WORK INSTRUCTIONS => In the records below, find the line that contains "Moment Cute Baby". Retype that line and all the lines after it through the end, leaving out the pictures.

PROVIDED DATA =>
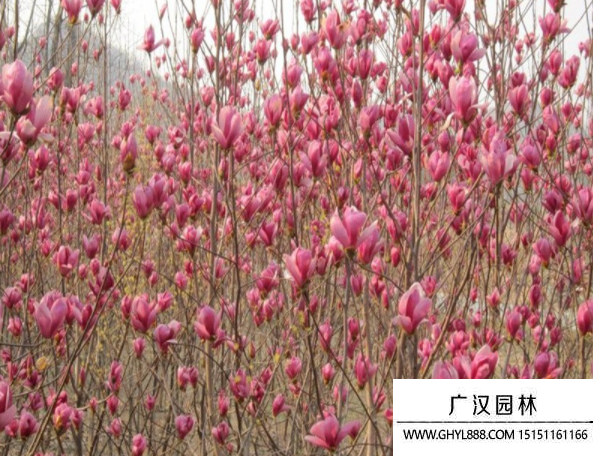 紅玉蘭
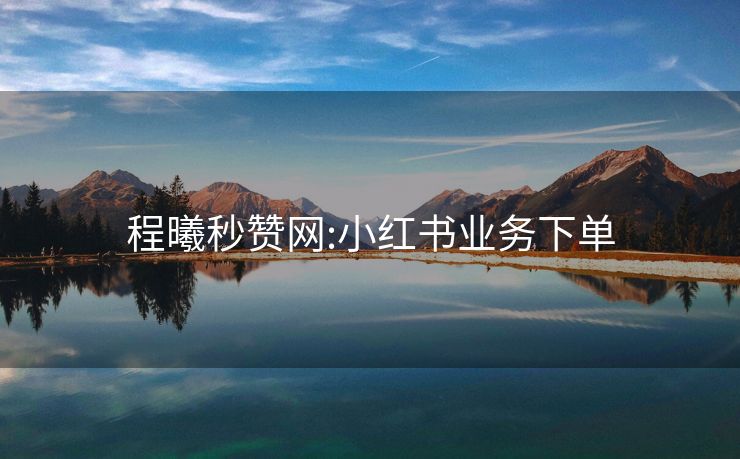 程曦秒赞网:小红书业务下单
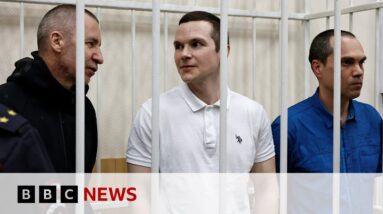 Russia jails lawyers who acted for late opposition leader Alexei Navalny | BBC News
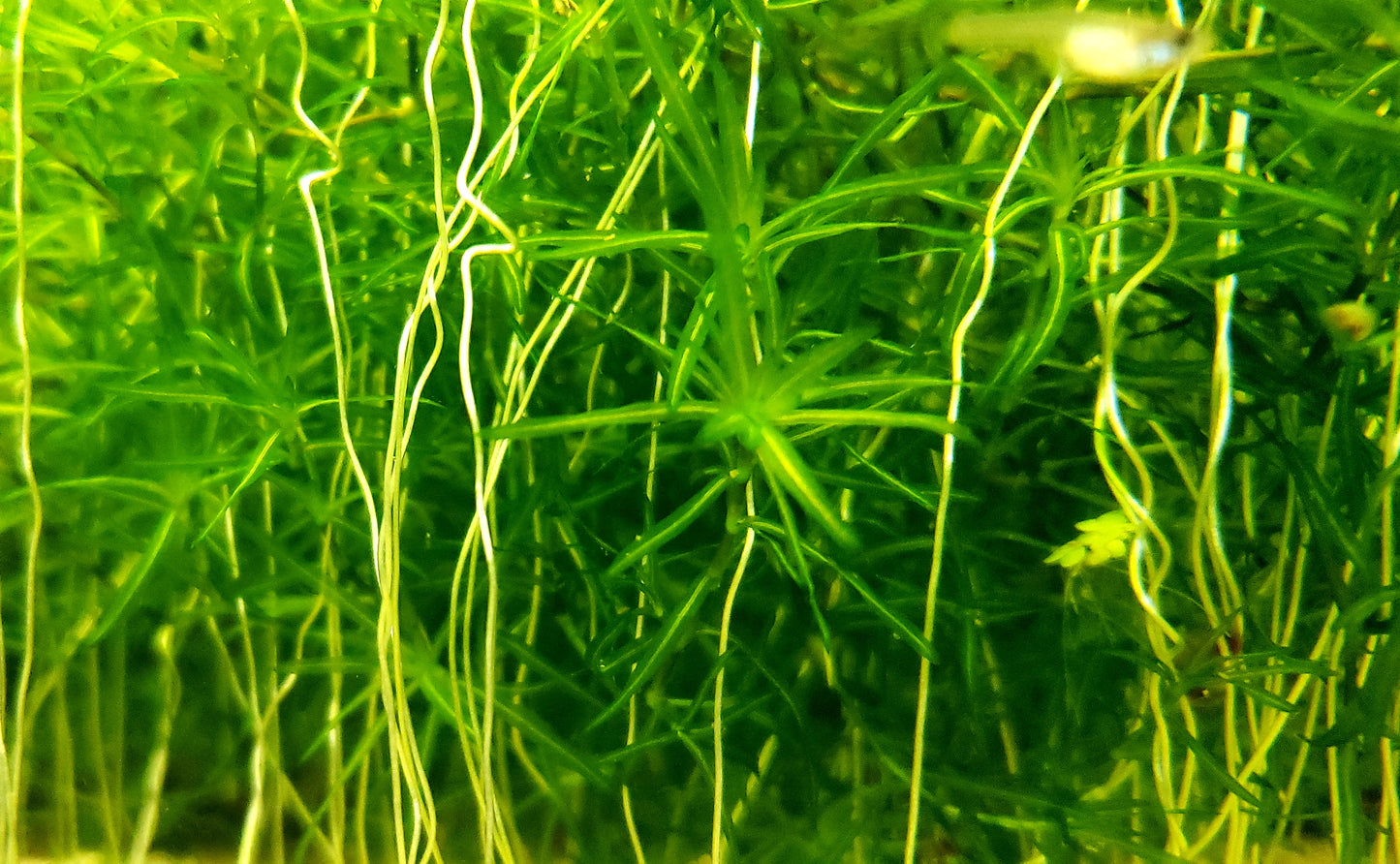 Guppy Grass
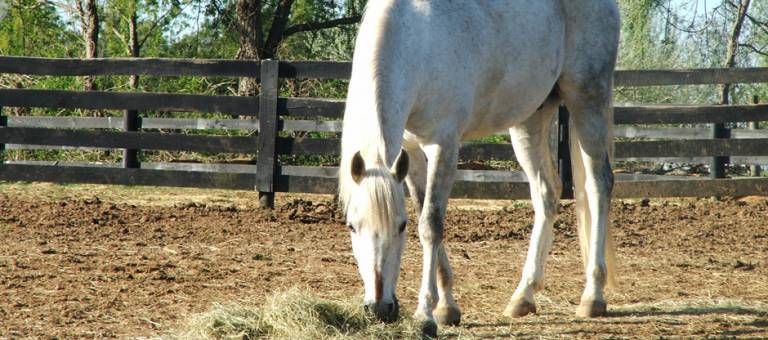 Horse eating hay in paddock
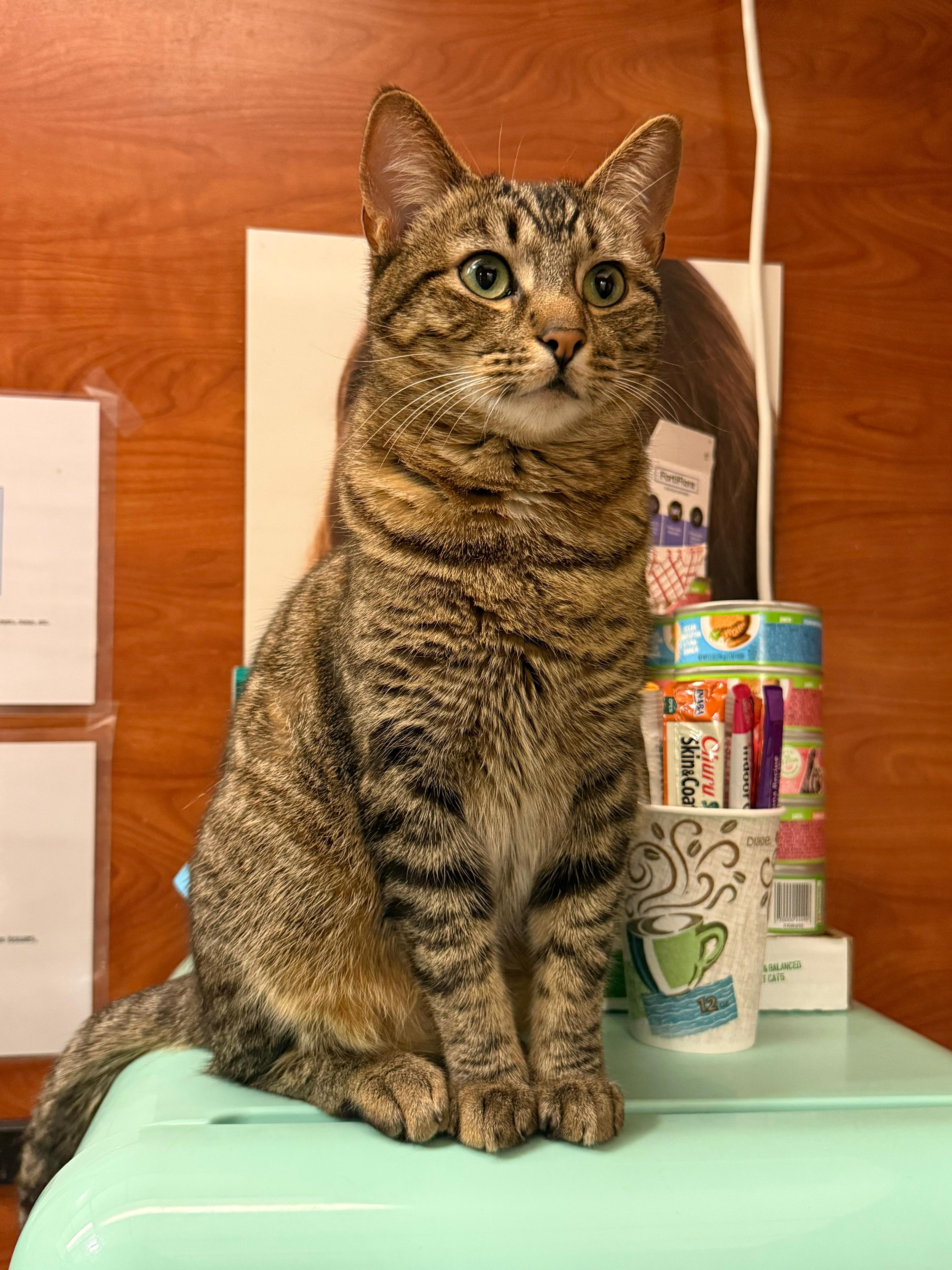 Enlarge Chowder, a Adoptable mixed breed in St George, UT image 1/5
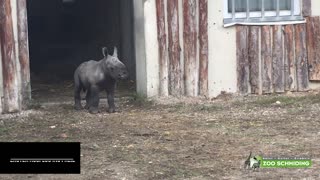 Moment Cute Baby Rhino Takes First Steps Outside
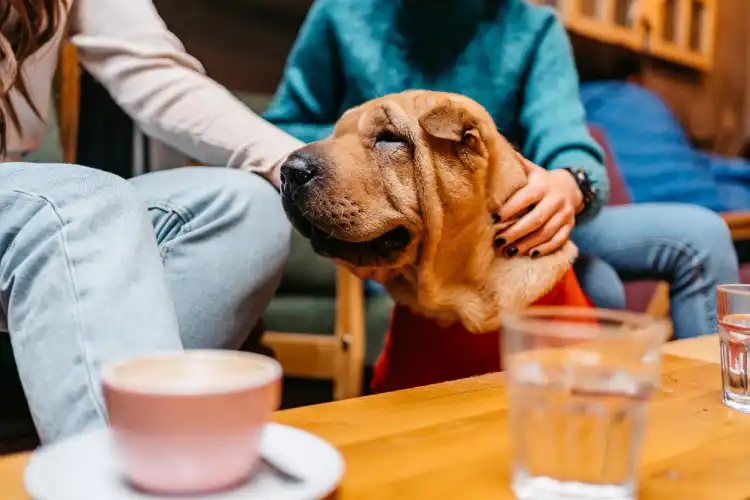 Cachorro Shar-pei é um exemplo de raça braquicefálica.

ANSWER =>
 Moment Cute Baby Rhino Takes First Steps Outside
 Cachorro Shar-pei é um exemplo de raça braquicefálica.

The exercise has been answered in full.